**Exercise prompt**
Output range, inclusive: from the line containing "Bigger Better More" to the line containing "Lincoln digital oil". Restate those lines from the data below word for word and only those.

Available data below:

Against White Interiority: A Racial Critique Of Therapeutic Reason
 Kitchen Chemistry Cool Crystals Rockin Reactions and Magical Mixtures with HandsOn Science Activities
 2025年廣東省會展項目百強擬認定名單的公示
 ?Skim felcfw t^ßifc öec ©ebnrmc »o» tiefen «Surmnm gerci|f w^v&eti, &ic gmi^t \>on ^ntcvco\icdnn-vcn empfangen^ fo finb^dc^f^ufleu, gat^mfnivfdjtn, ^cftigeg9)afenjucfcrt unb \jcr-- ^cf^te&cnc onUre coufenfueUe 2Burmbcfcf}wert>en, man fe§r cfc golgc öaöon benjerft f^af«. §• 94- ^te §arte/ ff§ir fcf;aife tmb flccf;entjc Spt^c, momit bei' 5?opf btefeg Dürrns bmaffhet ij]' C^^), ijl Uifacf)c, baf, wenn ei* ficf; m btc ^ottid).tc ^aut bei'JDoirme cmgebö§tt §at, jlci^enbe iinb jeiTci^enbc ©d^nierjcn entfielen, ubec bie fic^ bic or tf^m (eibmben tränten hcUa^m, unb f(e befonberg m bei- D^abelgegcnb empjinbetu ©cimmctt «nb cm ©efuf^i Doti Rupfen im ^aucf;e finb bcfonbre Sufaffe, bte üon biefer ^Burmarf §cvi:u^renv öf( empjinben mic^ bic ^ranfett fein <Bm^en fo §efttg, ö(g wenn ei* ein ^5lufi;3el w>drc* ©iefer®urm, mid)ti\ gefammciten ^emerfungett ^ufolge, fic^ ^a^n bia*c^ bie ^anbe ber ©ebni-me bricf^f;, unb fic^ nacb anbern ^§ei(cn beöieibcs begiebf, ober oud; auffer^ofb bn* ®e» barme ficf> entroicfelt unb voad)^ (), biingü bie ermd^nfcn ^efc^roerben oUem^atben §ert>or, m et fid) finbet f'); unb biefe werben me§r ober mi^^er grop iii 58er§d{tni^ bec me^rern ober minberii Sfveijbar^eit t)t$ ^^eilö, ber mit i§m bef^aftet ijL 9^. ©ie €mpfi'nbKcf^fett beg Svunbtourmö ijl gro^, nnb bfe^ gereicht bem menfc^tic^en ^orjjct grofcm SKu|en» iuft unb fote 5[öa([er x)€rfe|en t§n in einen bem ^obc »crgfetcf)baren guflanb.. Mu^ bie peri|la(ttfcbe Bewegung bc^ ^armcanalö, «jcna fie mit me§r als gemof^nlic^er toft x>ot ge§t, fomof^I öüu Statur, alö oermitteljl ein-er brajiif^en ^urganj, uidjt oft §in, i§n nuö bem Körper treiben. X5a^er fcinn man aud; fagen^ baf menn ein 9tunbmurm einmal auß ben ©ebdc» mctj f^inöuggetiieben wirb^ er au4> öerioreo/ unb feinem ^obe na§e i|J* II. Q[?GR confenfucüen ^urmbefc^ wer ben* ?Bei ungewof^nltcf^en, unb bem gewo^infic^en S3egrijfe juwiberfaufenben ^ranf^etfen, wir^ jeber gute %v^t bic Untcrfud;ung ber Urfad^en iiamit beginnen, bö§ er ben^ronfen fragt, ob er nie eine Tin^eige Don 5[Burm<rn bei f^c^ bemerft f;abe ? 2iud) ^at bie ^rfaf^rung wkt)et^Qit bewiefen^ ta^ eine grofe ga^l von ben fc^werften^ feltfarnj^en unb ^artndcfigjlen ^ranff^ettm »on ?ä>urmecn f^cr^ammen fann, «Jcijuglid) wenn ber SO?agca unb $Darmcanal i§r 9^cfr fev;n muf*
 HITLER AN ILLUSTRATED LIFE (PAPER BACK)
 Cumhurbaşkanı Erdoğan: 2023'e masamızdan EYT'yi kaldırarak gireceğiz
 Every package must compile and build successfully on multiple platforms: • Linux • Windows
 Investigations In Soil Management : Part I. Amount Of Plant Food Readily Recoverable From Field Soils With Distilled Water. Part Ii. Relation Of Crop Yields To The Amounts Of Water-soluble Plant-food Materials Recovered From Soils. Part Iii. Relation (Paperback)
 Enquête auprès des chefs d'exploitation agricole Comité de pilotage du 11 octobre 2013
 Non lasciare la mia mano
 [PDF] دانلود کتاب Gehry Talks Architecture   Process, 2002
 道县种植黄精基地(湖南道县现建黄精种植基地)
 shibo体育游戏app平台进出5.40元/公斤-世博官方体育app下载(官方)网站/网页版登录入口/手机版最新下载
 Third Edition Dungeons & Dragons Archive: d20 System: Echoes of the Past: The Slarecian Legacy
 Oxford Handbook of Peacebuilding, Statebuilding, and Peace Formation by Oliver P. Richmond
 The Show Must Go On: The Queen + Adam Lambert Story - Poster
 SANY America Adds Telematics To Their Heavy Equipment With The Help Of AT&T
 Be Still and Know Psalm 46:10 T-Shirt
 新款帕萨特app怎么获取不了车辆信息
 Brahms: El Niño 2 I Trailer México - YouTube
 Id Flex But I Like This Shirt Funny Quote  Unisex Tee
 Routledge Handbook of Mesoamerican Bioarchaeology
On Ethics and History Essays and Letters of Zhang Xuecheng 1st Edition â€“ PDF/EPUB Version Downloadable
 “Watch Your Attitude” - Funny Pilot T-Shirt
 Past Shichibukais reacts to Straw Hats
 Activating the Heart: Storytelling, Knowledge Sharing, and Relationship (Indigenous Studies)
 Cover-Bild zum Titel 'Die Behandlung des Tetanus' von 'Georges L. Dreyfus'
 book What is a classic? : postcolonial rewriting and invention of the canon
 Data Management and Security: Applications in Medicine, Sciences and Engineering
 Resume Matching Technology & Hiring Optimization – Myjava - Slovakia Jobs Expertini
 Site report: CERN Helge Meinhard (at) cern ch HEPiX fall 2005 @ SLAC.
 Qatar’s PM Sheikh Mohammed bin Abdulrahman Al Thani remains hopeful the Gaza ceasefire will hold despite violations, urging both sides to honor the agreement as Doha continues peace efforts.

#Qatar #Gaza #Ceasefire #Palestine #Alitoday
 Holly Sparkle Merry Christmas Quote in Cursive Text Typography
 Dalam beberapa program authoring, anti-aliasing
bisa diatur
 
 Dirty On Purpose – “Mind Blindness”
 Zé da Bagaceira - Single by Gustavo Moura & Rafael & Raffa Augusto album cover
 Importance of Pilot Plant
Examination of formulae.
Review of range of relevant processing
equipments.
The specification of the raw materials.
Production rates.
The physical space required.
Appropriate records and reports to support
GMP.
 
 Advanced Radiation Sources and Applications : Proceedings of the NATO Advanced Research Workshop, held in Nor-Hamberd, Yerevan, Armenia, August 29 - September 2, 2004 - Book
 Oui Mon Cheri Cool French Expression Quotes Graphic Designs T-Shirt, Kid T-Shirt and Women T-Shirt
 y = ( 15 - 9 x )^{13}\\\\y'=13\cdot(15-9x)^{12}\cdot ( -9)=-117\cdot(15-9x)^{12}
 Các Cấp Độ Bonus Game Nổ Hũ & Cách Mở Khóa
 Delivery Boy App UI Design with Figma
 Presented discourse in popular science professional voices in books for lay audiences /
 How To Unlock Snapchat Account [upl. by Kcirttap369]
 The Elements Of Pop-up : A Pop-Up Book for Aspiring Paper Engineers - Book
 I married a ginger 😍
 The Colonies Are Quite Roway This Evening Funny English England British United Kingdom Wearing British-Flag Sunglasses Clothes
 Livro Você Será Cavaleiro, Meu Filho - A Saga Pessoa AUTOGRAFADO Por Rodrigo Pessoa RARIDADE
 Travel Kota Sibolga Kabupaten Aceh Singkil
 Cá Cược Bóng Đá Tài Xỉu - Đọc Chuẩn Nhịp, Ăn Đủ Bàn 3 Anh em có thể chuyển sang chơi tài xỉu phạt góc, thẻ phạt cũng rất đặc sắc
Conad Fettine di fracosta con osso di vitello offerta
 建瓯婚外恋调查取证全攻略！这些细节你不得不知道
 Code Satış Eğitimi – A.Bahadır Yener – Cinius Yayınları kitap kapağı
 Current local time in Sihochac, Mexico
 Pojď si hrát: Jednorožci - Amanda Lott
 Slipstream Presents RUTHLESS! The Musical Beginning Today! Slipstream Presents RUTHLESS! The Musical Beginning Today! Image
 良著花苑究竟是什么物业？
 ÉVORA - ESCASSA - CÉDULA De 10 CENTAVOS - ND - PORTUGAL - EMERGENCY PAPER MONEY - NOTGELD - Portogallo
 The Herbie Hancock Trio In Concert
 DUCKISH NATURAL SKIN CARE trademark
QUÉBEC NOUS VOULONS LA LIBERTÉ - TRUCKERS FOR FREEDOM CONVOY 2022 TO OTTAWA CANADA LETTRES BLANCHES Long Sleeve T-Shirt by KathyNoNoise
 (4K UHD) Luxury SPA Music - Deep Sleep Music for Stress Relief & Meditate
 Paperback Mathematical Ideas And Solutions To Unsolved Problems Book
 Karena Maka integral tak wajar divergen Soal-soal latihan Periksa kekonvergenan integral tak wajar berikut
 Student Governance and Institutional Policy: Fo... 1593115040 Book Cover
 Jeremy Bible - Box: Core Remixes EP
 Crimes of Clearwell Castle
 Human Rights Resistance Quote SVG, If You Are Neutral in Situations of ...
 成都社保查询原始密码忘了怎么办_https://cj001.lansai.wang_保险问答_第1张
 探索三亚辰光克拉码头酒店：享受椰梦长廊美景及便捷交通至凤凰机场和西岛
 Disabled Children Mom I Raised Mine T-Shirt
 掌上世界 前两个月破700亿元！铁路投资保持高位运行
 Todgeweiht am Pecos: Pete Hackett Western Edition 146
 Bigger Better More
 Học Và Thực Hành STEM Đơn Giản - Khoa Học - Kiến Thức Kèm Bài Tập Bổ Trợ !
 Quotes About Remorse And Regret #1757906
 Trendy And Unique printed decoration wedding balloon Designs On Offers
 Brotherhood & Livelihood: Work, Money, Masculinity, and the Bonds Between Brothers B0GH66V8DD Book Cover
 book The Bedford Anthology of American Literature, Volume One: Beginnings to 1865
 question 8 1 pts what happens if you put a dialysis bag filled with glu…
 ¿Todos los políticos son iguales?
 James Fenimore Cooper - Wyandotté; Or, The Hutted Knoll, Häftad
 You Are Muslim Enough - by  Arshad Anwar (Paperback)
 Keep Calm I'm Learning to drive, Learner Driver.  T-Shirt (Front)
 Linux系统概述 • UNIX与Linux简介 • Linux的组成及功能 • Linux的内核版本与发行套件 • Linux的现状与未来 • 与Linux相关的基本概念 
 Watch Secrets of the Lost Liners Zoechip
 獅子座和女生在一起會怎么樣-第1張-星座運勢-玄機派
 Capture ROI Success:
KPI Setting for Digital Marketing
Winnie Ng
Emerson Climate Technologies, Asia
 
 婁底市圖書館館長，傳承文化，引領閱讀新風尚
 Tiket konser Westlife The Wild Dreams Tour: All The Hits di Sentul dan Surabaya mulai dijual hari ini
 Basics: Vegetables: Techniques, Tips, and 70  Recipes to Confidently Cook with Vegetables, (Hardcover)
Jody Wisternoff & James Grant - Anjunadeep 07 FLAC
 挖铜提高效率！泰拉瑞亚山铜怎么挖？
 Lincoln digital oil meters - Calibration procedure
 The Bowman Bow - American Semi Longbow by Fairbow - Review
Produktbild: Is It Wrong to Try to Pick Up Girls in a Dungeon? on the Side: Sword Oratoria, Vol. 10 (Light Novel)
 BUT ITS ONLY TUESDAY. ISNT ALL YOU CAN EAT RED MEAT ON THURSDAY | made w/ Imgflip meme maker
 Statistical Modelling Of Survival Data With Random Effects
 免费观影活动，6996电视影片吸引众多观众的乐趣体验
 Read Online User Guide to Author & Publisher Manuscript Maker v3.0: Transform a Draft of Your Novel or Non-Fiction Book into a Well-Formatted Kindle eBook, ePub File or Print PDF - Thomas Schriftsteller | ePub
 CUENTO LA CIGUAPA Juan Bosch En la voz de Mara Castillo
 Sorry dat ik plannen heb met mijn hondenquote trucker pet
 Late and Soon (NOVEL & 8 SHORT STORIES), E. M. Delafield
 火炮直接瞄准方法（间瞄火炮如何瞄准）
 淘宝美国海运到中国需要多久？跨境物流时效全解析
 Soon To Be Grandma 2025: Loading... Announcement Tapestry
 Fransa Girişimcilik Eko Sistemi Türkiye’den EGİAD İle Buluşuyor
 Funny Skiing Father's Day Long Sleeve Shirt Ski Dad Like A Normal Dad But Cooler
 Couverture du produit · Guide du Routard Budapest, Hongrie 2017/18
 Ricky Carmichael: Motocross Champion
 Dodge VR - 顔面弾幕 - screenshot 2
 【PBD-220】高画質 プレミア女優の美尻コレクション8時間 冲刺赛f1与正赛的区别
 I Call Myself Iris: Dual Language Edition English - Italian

End of Available data.

**Answer to the exercise**
 Bigger Better More
 Học Và Thực Hành STEM Đơn Giản - Khoa Học - Kiến Thức Kèm Bài Tập Bổ Trợ !
 Quotes About Remorse And Regret #1757906
 Trendy And Unique printed decoration wedding balloon Designs On Offers
 Brotherhood & Livelihood: Work, Money, Masculinity, and the Bonds Between Brothers B0GH66V8DD Book Cover
 book The Bedford Anthology of American Literature, Volume One: Beginnings to 1865
 question 8 1 pts what happens if you put a dialysis bag filled with glu…
 ¿Todos los políticos son iguales?
 James Fenimore Cooper - Wyandotté; Or, The Hutted Knoll, Häftad
 You Are Muslim Enough - by  Arshad Anwar (Paperback)
 Keep Calm I'm Learning to drive, Learner Driver.  T-Shirt (Front)
 Linux系统概述 • UNIX与Linux简介 • Linux的组成及功能 • Linux的内核版本与发行套件 • Linux的现状与未来 • 与Linux相关的基本概念 
 Watch Secrets of the Lost Liners Zoechip
 獅子座和女生在一起會怎么樣-第1張-星座運勢-玄機派
 Capture ROI Success:
KPI Setting for Digital Marketing
Winnie Ng
Emerson Climate Technologies, Asia
 
 婁底市圖書館館長，傳承文化，引領閱讀新風尚
 Tiket konser Westlife The Wild Dreams Tour: All The Hits di Sentul dan Surabaya mulai dijual hari ini
 Basics: Vegetables: Techniques, Tips, and 70  Recipes to Confidently Cook with Vegetables, (Hardcover)
Jody Wisternoff & James Grant - Anjunadeep 07 FLAC
 挖铜提高效率！泰拉瑞亚山铜怎么挖？
 Lincoln digital oil meters - Calibration procedure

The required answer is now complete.